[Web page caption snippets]
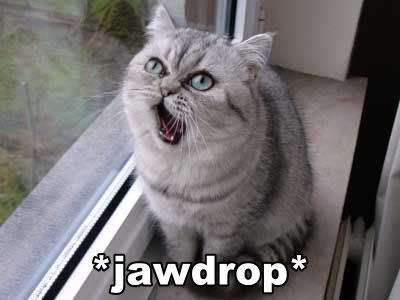 Jawdropcat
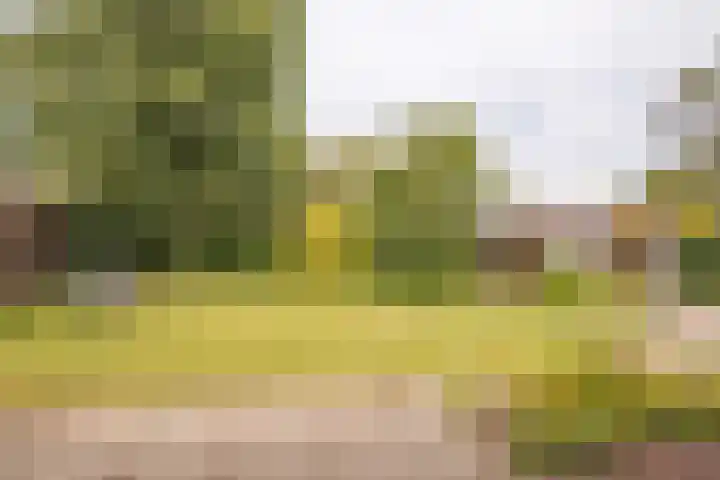 Dr. E. Wassenberghstrjitte 26 Gytsjerk thumbnail 46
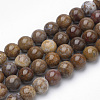 Natural Petrified Wood Beads Strands X-G-Q462-136-8mm-1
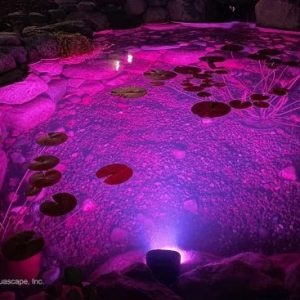 Aquascape 11-Watt Color-Changing Wide-Angle Light - 84076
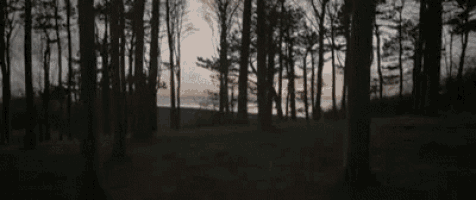 a dark forest with a sunset in the background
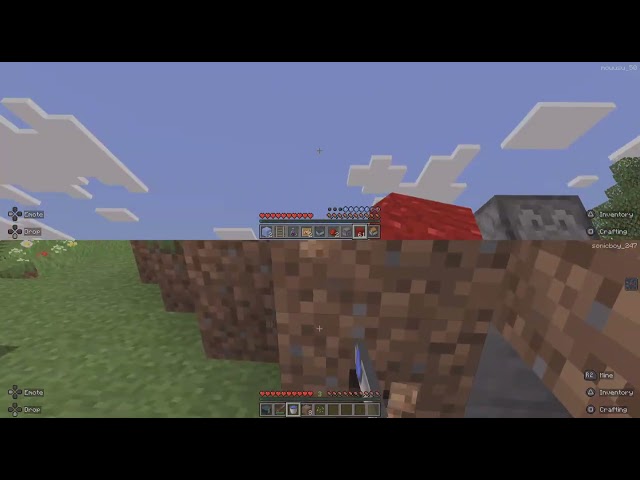 Minecraft movie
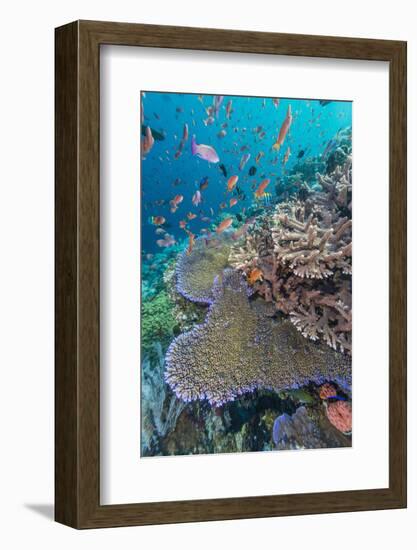 A Profusion of Coral and Reef Fish on Batu Bolong, Komodo Island National Park, Indonesia-Michael Nolan-Framed Photographic Print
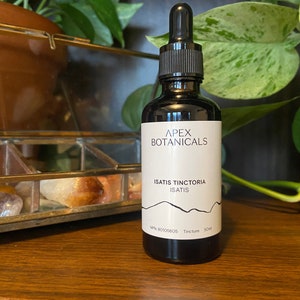 Isatis tinctoria | Isatis Tincture | TCM Herbs | Buhner Herbs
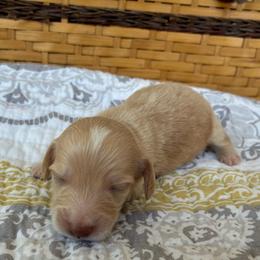 Ruthie - Cream female Dachshund puppy in Dobson, North Carolina from Oakleys Dachshund Haven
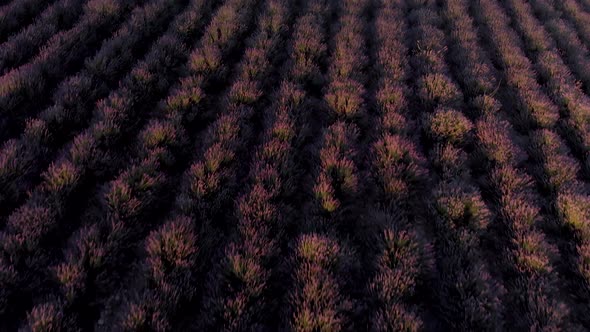 Flight Over Big Hill of Lavender Meadow at Sunset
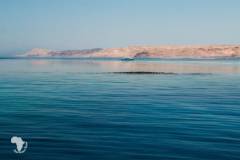 red-sea-diving-north13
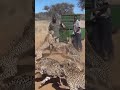 Guys Feed 30 Cheetahs at Animal Sanctuary image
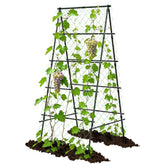 AlisisFores front view of A-shape trellis showing stable garden support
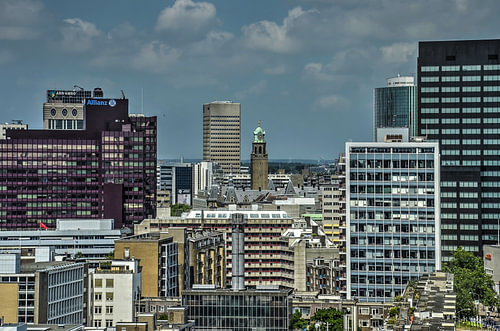 Rotterdam: City Hall and Neighbours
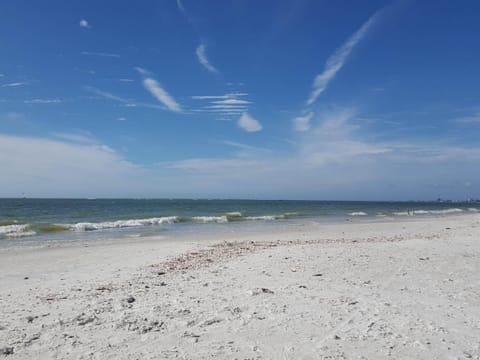 On the beach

Your task → What is the exact wording of the lines from the one bearing "Guys Feed 30" through the final line of the records above? Write it out without the pictures.

Result for this exercise →
 Guys Feed 30 Cheetahs at Animal Sanctuary image
 AlisisFores front view of A-shape trellis showing stable garden support
 Rotterdam: City Hall and Neighbours
 On the beach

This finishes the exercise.